» **WHAT THE TASK ASKS**:
Please repeat all the entries. Nothing may differ.

» **GIVEN DATA**:
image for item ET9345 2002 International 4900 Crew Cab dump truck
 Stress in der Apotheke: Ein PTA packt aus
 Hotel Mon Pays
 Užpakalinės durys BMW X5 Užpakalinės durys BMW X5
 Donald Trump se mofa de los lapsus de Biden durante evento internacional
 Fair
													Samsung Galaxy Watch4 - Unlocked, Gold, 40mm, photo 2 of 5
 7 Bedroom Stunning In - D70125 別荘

» **RESULT FOR THIS EXERCISE**:
image for item ET9345 2002 International 4900 Crew Cab dump truck
 Stress in der Apotheke: Ein PTA packt aus
 Hotel Mon Pays
 Užpakalinės durys BMW X5 Užpakalinės durys BMW X5
 Donald Trump se mofa de los lapsus de Biden durante evento internacional
 Fair
													Samsung Galaxy Watch4 - Unlocked, Gold, 40mm, photo 2 of 5
 7 Bedroom Stunning In - D70125 別荘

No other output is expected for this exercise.